■ What is being asked
In the entries below, count every line containing "Ford". Reply with the number alone.

Short web captions:

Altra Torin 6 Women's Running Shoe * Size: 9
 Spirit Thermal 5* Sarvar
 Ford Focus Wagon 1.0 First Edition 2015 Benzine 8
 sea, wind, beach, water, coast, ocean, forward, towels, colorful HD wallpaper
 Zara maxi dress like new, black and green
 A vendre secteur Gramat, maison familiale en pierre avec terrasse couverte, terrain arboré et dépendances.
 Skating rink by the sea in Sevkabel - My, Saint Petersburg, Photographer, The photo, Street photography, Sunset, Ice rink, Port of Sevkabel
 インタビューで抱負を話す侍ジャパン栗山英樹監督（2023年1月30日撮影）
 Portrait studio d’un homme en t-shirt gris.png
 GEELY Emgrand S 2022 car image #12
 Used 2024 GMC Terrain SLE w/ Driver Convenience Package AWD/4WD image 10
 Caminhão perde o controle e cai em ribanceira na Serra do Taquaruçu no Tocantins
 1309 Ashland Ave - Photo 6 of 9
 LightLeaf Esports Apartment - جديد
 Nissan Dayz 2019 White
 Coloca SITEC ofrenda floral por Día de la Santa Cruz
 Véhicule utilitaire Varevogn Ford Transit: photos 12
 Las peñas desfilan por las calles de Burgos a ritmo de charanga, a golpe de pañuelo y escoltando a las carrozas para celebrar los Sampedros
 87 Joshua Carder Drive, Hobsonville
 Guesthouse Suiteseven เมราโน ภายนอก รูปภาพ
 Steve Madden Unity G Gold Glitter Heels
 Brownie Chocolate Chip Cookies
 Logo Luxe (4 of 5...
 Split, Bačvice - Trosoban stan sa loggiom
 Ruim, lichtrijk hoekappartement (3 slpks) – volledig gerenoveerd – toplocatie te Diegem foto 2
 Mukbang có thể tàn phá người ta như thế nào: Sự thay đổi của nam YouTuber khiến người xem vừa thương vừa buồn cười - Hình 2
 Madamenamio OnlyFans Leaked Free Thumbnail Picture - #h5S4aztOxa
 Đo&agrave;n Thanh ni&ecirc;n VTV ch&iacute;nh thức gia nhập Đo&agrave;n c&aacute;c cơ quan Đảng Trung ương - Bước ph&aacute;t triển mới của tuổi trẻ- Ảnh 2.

■ Worked solution
2